======== DATASET

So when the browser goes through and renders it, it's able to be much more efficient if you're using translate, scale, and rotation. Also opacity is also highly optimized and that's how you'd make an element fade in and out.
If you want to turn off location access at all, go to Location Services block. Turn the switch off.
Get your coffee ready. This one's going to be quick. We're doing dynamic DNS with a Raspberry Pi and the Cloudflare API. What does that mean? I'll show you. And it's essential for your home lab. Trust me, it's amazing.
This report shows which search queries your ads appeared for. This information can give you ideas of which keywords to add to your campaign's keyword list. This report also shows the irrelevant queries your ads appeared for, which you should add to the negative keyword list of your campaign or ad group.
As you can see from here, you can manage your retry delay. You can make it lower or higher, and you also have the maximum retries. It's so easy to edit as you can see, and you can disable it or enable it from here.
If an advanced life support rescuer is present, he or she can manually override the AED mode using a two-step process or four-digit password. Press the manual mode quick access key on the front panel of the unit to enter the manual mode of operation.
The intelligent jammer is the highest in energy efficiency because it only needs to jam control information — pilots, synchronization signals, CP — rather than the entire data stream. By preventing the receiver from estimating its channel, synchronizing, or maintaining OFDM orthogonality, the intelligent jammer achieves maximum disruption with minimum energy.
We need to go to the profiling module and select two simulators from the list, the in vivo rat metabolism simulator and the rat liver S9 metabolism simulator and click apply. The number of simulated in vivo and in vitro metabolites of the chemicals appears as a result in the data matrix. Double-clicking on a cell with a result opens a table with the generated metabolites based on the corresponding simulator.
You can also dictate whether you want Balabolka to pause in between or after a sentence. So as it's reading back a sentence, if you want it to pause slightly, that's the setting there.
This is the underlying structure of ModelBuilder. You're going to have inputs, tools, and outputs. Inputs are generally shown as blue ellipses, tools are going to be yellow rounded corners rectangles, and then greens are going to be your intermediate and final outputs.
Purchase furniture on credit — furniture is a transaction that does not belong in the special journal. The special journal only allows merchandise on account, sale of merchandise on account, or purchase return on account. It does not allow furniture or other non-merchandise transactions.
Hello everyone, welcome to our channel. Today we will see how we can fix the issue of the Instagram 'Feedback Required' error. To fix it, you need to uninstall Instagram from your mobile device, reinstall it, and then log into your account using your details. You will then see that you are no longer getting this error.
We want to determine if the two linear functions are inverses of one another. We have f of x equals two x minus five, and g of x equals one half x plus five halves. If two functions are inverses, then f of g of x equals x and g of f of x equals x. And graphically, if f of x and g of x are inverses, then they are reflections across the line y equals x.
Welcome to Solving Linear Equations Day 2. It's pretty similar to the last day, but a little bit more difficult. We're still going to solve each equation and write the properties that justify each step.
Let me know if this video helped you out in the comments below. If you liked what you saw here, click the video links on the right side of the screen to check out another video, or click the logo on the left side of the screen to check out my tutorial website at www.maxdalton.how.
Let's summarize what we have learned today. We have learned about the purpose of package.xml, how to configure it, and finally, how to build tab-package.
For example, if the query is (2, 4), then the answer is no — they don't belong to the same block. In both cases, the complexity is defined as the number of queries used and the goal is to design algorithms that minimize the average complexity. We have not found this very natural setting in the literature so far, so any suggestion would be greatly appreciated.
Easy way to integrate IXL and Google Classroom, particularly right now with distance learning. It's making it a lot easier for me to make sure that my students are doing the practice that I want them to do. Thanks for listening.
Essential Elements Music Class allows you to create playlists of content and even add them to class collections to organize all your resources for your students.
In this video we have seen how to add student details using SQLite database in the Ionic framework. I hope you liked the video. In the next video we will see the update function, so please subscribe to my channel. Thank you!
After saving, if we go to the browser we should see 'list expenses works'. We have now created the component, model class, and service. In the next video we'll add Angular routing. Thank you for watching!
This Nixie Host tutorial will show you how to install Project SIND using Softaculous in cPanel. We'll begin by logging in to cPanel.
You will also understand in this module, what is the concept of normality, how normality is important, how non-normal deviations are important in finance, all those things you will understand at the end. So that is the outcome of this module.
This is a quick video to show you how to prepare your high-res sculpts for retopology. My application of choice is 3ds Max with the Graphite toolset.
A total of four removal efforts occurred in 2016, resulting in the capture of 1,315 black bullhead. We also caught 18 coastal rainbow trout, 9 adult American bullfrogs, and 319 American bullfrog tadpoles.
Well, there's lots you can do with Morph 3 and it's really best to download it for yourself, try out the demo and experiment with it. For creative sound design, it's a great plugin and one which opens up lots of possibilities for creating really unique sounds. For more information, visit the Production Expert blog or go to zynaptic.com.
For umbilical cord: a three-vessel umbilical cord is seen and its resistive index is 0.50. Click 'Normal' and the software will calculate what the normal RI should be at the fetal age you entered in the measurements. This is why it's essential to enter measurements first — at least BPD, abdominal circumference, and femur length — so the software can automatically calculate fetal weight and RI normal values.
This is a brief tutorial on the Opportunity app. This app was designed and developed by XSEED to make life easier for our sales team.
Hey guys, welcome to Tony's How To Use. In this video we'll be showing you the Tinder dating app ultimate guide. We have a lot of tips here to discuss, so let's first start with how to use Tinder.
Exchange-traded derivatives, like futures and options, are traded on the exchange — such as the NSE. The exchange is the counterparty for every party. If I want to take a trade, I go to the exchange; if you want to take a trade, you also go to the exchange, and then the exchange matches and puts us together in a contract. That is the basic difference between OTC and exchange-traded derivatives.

================

### [WHAT IS BEING ASKED]
Copy out every line from the data above that has "access" in it.

### [TASK OUTPUT]
If you want to turn off location access at all, go to Location Services block. Turn the switch off.
If an advanced life support rescuer is present, he or she can manually override the AED mode using a two-step process or four-digit password. Press the manual mode quick access key on the front panel of the unit to enter the manual mode of operation.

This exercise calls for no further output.